In connection with the sale of the Specialty Chemical business (formerly known as Mallinckrodt Baker) in fiscal 2010, the Company agreed to indemnify the purchaser with respect to various matters, including certain environmental, health, safety, tax and other matters. The indemnification obligations relating to certain environmental, health and safety matters have a term of 17 years from the sale, while some of the other indemnification obligations have an indefinite term. The amount of the liability relating to all of these indemnification obligations included in other liabilities on the Company's consolidated balance sheets at December 29, 2017 and December 30, 2016 was $14.9 million and $15.1 million, of which $12.1 million and $12.4 million, respectively, related to environmental, health and safety matters. The value of the environmental, health and safety indemnity was measured based on the probability-weighted present value of the costs expected to be incurred to address environmental, health and safety claims made under the indemnity. The aggregate fair value of these indemnification obligations did not differ significantly from their aggregate carrying value at December 29, 2017 and December 30, 2016. As of December 29, 2017, the maximum future payments the Company could be required to make under these indemnification obligations was $70.2 million. The Company was required to pay $30.0 million into an escrow account as collateral to the purchaser, of which $18.3 million and $19.0 million remained in other assets on the consolidated balance sheets at December 29, 2017 and December 30, 2016, respectively.
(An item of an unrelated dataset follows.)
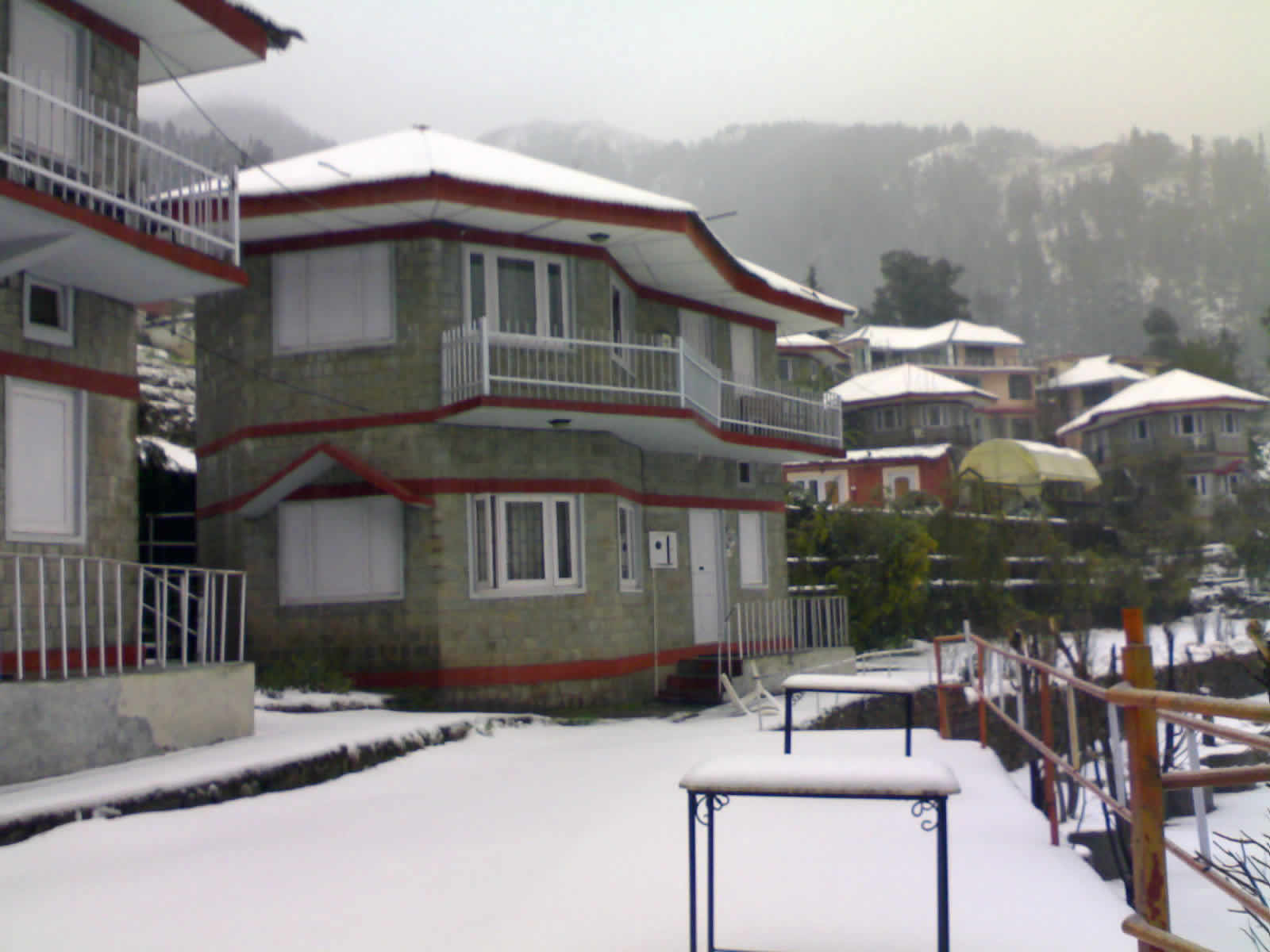 Snowfall - Hotel Devcottage Dharamkot Dharamshala Himachal Pradesh Gallary - 1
The Company has recorded liabilities for known indemnification obligations included as part of environmental liabilities, which are discussed in Note 19. In addition, the Company is liable for product performance; however the Company believes, given the information currently available, that their ultimate resolution will not have a material adverse effect on its financial condition, results of operations and cash flows.
The Company was required to provide the U.S. Nuclear Regulatory Commission financial assurance demonstrating its ability to fund the decommissioning of its Maryland Heights, Missouri radiopharmaceuticals production facility upon closure. Following the sale of the Nuclear Imaging business, the surety bond was canceled in April 2017 and the Company is no longer required to provide financial assurance to the U.S. Nuclear Regulatory Commission for that facility. As of December 29, 2017, the Company had various other letters of credit and guarantee and surety bonds totaling $28.7 million.
In addition, the separation and distribution agreement entered into with Covidien provides for cross-indemnities principally designed to place financial responsibility of the obligations and liabilities of the Company's business with the Company and financial responsibility for the obligations and liabilities of Covidien's remaining business with Covidien, among other indemnities.